Whether you’re an aspiring rockstar or superstar DJ, Logic Pro X is one of the best music creation apps on the Mac. Developed by Apple itself, its accessible interface hides a ton of advanced functionality. The latest version comes with a slick new design, 64-bit architecture and new session drummer that will save you having to shell out for a drum machine.
It also works in natural harmony with iPads, providing a touch-based alternative method of creating song structures to dragging and dropping blocks in the main visual editor. Whether you’re a seasoned producer already (Sia used the app to record her hit song ‘Chandelier’) or are looking to upgrade from Garageband, Logic Pro X likely has what you need.
A simple app but an important one, to-do app Wunderlist’s strength lies in its cross-device functionality. It’s available on Mac, PC and Android and iOS, allowing you to pick up where you left off wherever you are using macOS’s Handoff feature.

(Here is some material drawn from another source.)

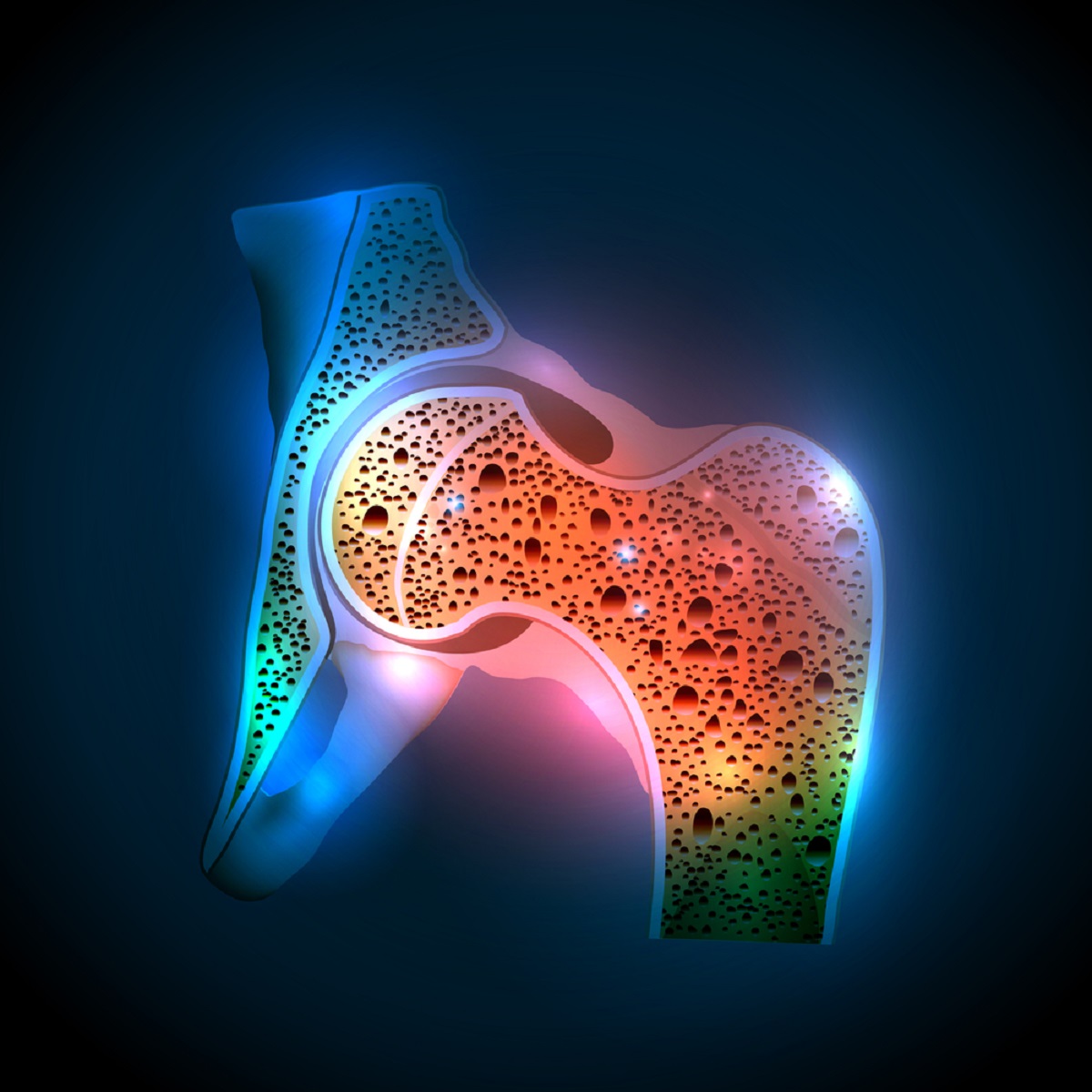 Read more about the article OSTEOPENIA – Symptoms, Causes, Risk Groups, Prevention and Treatment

Once you’ve created a list you can schedule reminders, add notes and embed it into the macOS Notification Centre using a widget. Team-based features are unlocked by signing up to Wunderlist’s Pro option for a yearly fee, and you can add files of any size without running into limits.
Evernote has morphed into a mighty note-taking app over the years. While some people will say that it’s too bloated, the sheer number of things that you can do with it still makes it best-in-class. You can type up notes, obviously, organizing them using a combination of folders and tags. You can even embed Google Drive documents, which are accessible in a click.
There’s also the ability to set reminders, share notes with friends, find information related to notes using Evernote’s ‘Context’ feature, create lists, and favorite notes that you frequently return to. Better yet, all of your notes are synchronized using the company’s servers, making them accessible on nearly any PC (through a browser or the native Evernote app) or mobile device in the world. The paid version lets you use Evernote with more than two devices while upping the amount of data you can sync each month.
GIMP (standing for GNU Image Manipulation) is one of the best free image editing apps out there. It’s a great alternative to Adobe Photoshop and comes with a massive array of professional-quality functions that let you tweak existing images saved in a range of formats or create fresh ones from scratch. Features include layers, highly customizable brushes, automatic image-enhancing tools and filters. You can do even more with it using plug-ins, which are available to download from the GIMP Plugin Registry.
Ulysses is one of the best “distraction-free” markdown editors out there today, balancing features with simplicity and beautiful design. Unlike Word 2016, or even Apple’s own Pages, Ulysses hardly features an interface at all. This allows you to get on with writing without being distracted by superfluous buttons and menus. The app uses its own brand of Markdown — a type of text formatting engine — that lets you highlight your writing in a way that makes organizing it simpler, and a vast number of export styles formats it in an attractive way once you’re finished.
There’s a handy attachments bar on the right-hand side that features an attractive word counter and lets you write notes to assist you in your writing. Notes can be accessed anywhere thanks to iCloud support, so you can pick up your iPad and carry on where you left off using macOS’s Handoff feature.